In 2005 the Guerlain boutique at 68 Champs-Elysées reopened after extensive renovation but a major perfume launch didn’t accompany it. Instead they started the now famous L'art et la Matière range with Cuir Beluga and Rose Barbare. Behind the scenes however Guerlain were gearing up for one of their most important launches for decades. Since the company had been taken over by LVMH the brand had struggled to find its place within an ever-changing market, and so the decision was taken to once again anchor themselves in the “mainstream” whilst also continuing the tradition of the “exclusive”.
The concept of a single perfumer for Guerlain was retired when LVMH released Champs-Elysées in 1996. This was two years after they had acquired the company and chose Olivier Cresp’s perfume submission over that of their own Jean-Paul Guerlain’s.
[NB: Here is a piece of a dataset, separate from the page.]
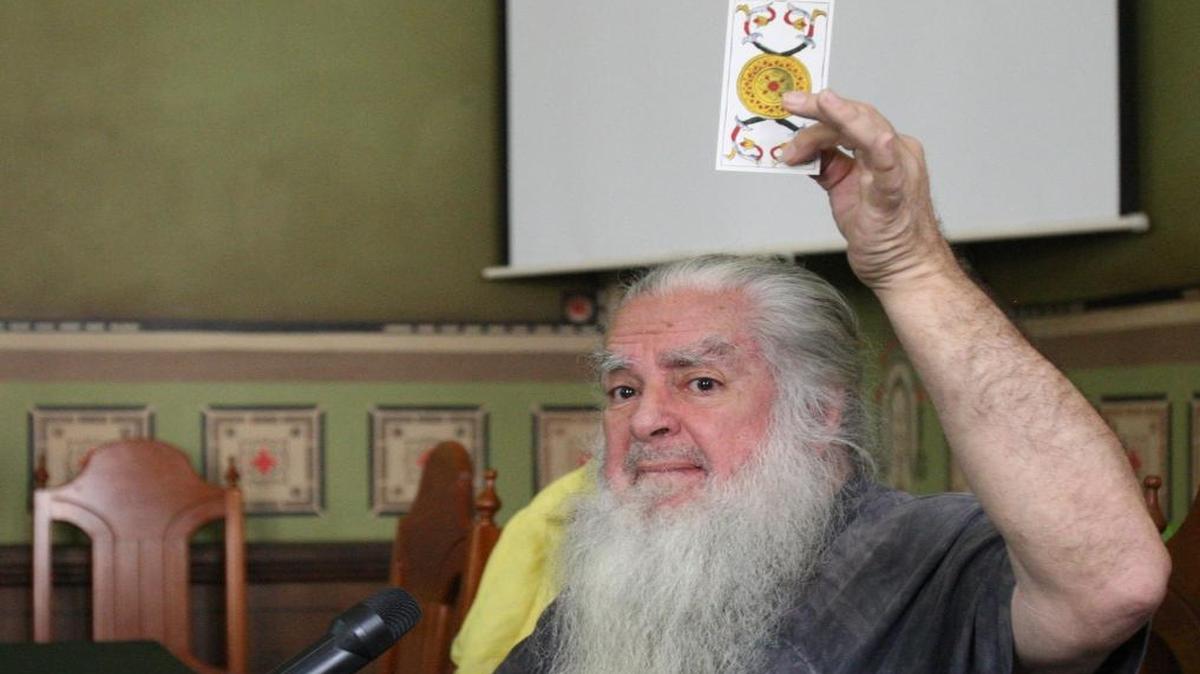 Antonio Vázquez, conocido como el “Brujo Mayor”, presenta sus previsiones para el 2016 el martes, en Ciudad de México.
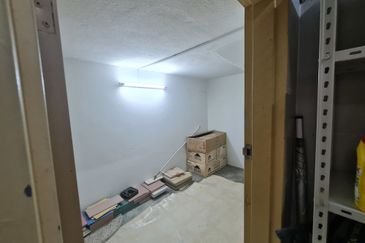 Cheap Nice Double storey Semi-D at Bandar Sungai Long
Many fans were unhappy with this “end to the family line”, although most were unsurprised. So, in 2006 the company turned to Maurice Roucel, who was working for Symrise, to create their latest feminine fragrance. They wanted a fruity floral that would appeal to women of all ages, although especially to the younger market.
Guerlain claimed to have released the first “olfative spiral” fragrance with Insolence. What they meant by this was that rather than a traditional top, middle and base arrangement of aromas Maurice had created a structure which literally spiralled and cascaded over itself. As the fragrance developed on the skin you would continue to get glimpses of what had gone before along with what was to come. Interestingly the fragrance was launched as an Eau de Toilette with the Eau de Parfum following two years later.